> _Work request_: All of the data must be output exactly, with every picture left out.

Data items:
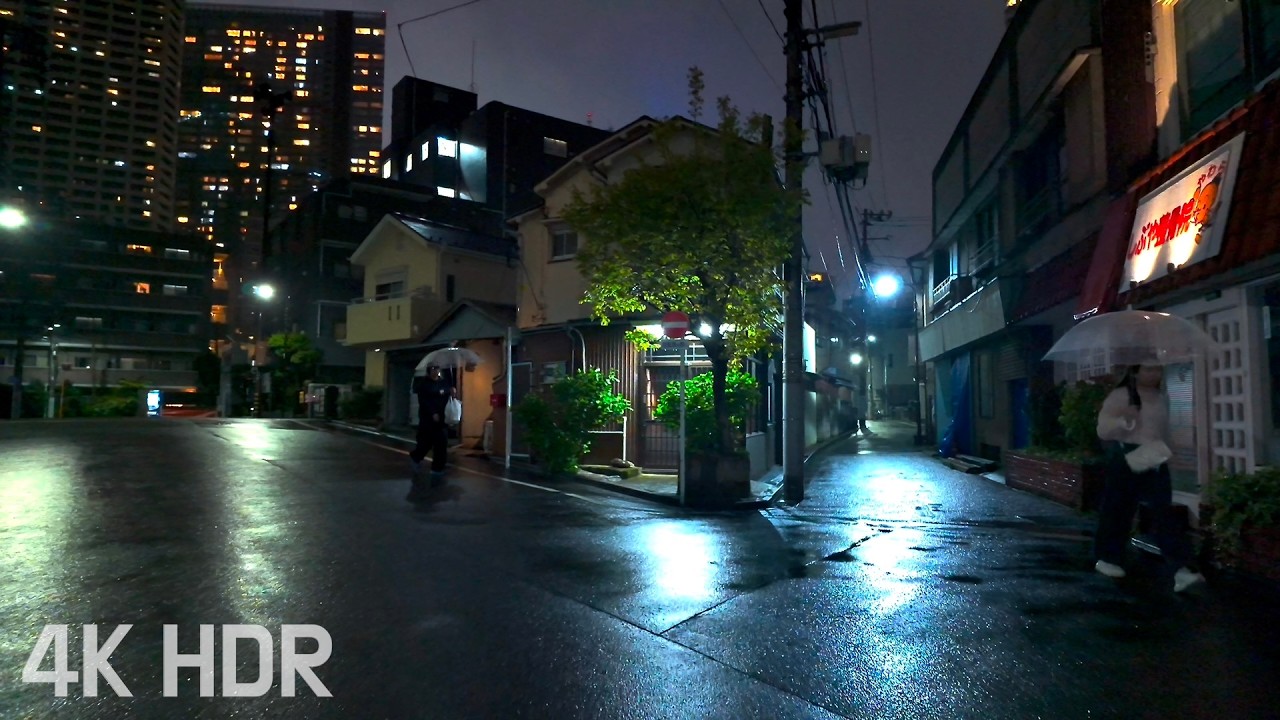 [ASMR] Прогулка дождливой ночью по жилым улицам Накано | Токио, Япония | 4К/ХДР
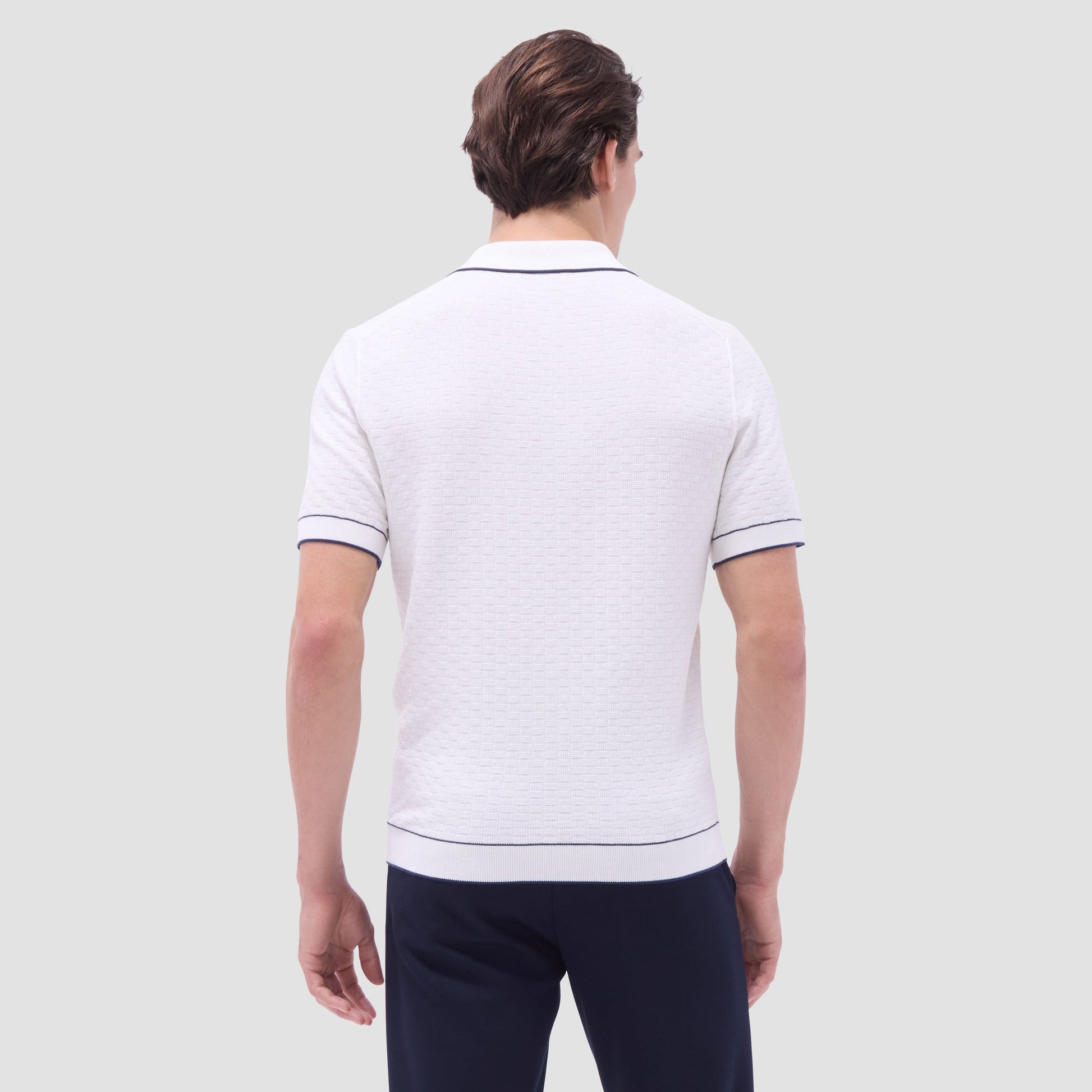 Bugatchi Basket Stitch Three Button Polo Sweater Chalk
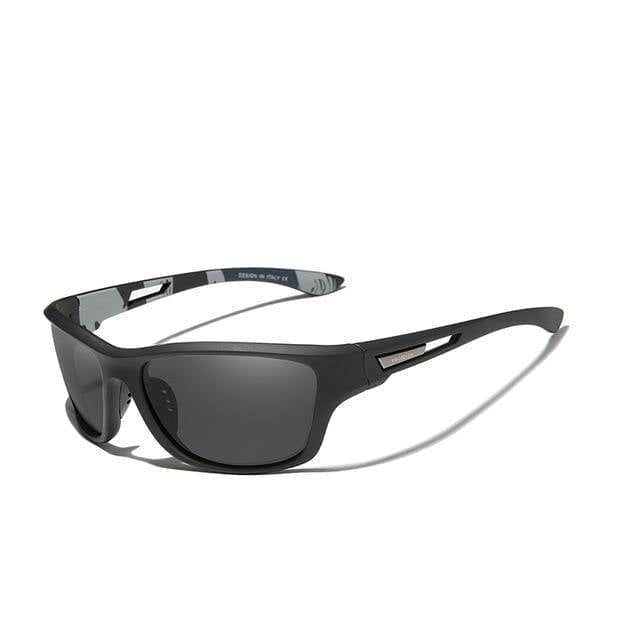 Modern men's fashion eyewear: ultralight polarized sunglasses with superior UV protection.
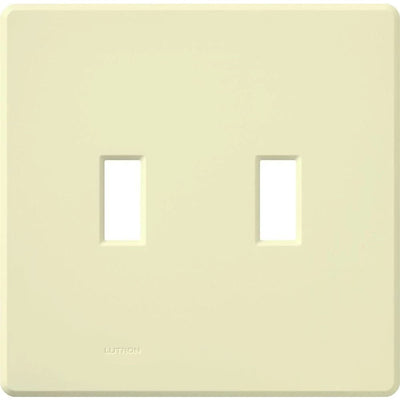 Lutron Fassada 2 Gang Wall Plate for Traditional Style Dimmers or Switches, Gloss Finish, FG-2-AL, Almond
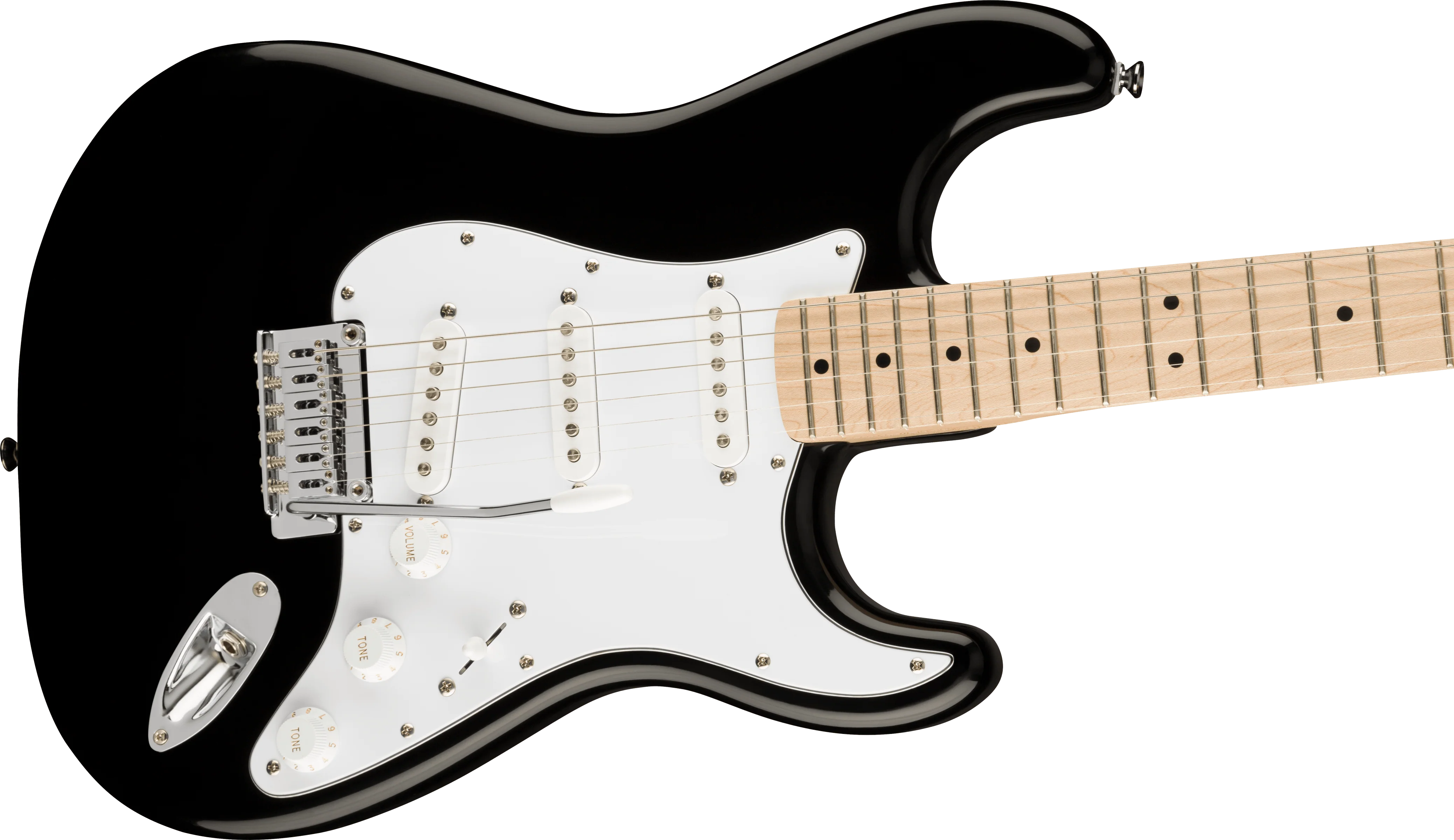 Squier Affinity Series Stratocaster Maple Fingerboard White Pickguard Black - Image 4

> _Solution to this exercise_:
 [ASMR] Прогулка дождливой ночью по жилым улицам Накано | Токио, Япония | 4К/ХДР
 Bugatchi Basket Stitch Three Button Polo Sweater Chalk
 Modern men's fashion eyewear: ultralight polarized sunglasses with superior UV protection.
 Lutron Fassada 2 Gang Wall Plate for Traditional Style Dimmers or Switches, Gloss Finish, FG-2-AL, Almond
 Squier Affinity Series Stratocaster Maple Fingerboard White Pickguard Black - Image 4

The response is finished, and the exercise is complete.